RECORDS FOR THE TASK section start

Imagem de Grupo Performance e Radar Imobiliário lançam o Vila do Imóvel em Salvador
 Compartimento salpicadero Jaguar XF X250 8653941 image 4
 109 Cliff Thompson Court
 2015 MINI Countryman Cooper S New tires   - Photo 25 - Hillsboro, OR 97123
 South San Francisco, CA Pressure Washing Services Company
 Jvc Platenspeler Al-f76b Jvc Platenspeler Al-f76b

RECORDS FOR THE TASK section end

### [TASK PROMPT]
The expected output is the exact run of lines from the line with "109 Cliff Thompson Court" through the last line of the material above.

### [WRITTEN ANSWER]
 109 Cliff Thompson Court
 2015 MINI Countryman Cooper S New tires   - Photo 25 - Hillsboro, OR 97123
 South San Francisco, CA Pressure Washing Services Company
 Jvc Platenspeler Al-f76b Jvc Platenspeler Al-f76b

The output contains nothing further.